The manufacturing industry plays a prominent role in the UK’s economy. With over 270 thousand businesses in the manufacturing sector across the UK, it’s recognised as one of the most significant contributors to the UK economy.
Any business needs to adapt to thrive and evolve, including STEM industries. By implementing intelligent technologies such as big data, cloud computing and industrial IoT, managers can more accurately optimise their work processes and identify those areas that need improvement.
The skills gap is partially due to the rapid advances in smart technologies and automation that are helping increase the efficiency of the industry. However, whilst investing in these new technologies is a great idea, many people do not have the experience or qualifications to use them.
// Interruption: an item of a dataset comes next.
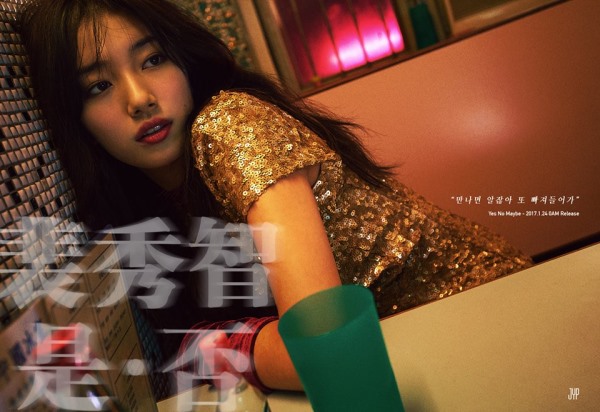 Suzy《Yes No Maybe》歌詞概念照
Unfortunately, there are many working positions unfulfilled across manufacturing and other STEM sectors. These vacancies are known as the skills gap. The manufacturing skills gap is not just a buzzword for low employment numbers; it is, in fact, a complex reality that many spring manufacturers face as there are more open positions than applicants to fill them.
Manufacturers National Contribution
Pressing manufacturers such as ourselves are among the many companies in our sector to account for 9.7% of the total UK economic output in 2021 (gross value added). At the start of 2022, manufacturing output was 0.8% higher than the previous month but 1.6% below the beginning of 2020. All of this was achieved with this sector 7.3% of the jobs positions available in the UK.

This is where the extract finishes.